Hadoop is quite a fascinating and interesting project that has seen quite a lot of interest and contributions from the various organizations and institutions. Hadoop has come a long way, from being a batch processing system to a data lake and high-volume streaming analysis in low latency with the help of various Hadoop ecosystem components, specifically YARN. This progress has been substantial and has made Hadoop a powerful system, which can be designed as a storage, transformation, batch processing, analytics, or streaming and real-time processing system.
Hadoop project as a data lake can be divided in multiple phases such as data ingestion, data storage, data access, data processing, and data management. For each phase, we have different sub-projects that are tools, utilities, or frameworks to help and accelerate the process. The Hadoop ecosystem components are tested, configurable and proven and to build similar utility on our own it would take a huge amount of time and effort to achieve. The core of the Hadoop framework is complex for development and optimization. The smart way to speed up and ease the process is to utilize different Hadoop ecosystem components that are very useful, so that we can concentrate more on the application flow design and integration with other systems.
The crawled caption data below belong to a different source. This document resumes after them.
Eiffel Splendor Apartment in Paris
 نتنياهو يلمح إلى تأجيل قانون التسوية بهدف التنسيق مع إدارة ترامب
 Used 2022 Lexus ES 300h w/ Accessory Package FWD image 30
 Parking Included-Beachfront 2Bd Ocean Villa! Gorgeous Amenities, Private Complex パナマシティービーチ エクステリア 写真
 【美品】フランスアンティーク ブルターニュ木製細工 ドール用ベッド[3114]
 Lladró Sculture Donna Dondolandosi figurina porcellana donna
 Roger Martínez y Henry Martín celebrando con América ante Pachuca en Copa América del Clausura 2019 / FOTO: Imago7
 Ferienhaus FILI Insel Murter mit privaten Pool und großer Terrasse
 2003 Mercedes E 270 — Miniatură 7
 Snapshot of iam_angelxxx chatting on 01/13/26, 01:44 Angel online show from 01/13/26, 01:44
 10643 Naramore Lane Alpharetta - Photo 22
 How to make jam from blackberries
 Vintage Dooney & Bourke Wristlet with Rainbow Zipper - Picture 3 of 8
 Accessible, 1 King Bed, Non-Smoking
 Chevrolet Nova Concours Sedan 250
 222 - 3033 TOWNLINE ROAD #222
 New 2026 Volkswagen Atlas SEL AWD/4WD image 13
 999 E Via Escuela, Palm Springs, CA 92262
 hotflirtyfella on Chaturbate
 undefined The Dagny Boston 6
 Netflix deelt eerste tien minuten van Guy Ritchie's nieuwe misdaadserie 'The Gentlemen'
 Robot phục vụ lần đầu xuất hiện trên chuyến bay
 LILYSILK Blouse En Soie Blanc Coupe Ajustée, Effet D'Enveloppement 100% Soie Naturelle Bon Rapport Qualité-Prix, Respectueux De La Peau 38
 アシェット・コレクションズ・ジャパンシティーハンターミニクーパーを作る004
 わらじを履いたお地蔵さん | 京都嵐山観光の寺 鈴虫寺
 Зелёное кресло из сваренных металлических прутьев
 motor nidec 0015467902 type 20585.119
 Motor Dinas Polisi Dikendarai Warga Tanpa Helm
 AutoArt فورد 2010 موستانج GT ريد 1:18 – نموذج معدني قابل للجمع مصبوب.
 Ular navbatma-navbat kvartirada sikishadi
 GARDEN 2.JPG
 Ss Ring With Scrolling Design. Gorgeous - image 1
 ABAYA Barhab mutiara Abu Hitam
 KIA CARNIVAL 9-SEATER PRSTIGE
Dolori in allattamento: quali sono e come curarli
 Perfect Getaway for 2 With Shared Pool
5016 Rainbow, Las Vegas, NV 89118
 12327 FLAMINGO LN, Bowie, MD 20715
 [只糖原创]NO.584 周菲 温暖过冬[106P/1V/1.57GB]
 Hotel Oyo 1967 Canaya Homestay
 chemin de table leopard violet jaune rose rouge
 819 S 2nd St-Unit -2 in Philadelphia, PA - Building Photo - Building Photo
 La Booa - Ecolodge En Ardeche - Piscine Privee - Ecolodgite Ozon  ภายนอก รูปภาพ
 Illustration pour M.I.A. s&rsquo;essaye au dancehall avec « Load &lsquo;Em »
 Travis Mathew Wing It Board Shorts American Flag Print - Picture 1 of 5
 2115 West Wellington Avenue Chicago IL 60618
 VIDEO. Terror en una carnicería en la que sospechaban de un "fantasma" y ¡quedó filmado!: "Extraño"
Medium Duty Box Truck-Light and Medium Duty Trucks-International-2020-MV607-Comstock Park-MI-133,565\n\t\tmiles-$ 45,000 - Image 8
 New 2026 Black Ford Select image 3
With the emergence of many useful sub-projects in Hadoop and other tools within the Hadoop ecosystem, the question that arises is which tool to use when and how effectively. This book is intended to complete the jigsaw puzzle of when and how to use the various ecosystem components, and to make you well aware of the Hadoop ecosystem utilities and the cases and scenarios where they should be used.
What this book covers
Chapter 1, Introduction to Big Data and Hadoop, covers an overview of big data and Hadoop, plus different use case patterns with advantages and features of Hadoop.
Chapter 2, Hadoop Ecosystem, explores the different phases or layers of Hadoop project development and some components that can be used in each layer.
Chapter 3, Pillars of Hadoop – HDFS, MapReduce, and YARN, is about the three key basic components of Hadoop, which are HDFS, MapReduce, and YARN.
Chapter 4, Data Access Components – Hive and Pig, covers the data access components Hive and Pig, which are abstract layers of the SQL-like and Pig Latin procedural languages, respectively, on top of the MapReduce framework.
Chapter 5, Storage Components – HBase, is about the NoSQL component database HBase in detail.
Chapter 6, Data Ingestion in Hadoop – Sqoop and Flume, covers the data ingestion library tools Sqoop and Flume.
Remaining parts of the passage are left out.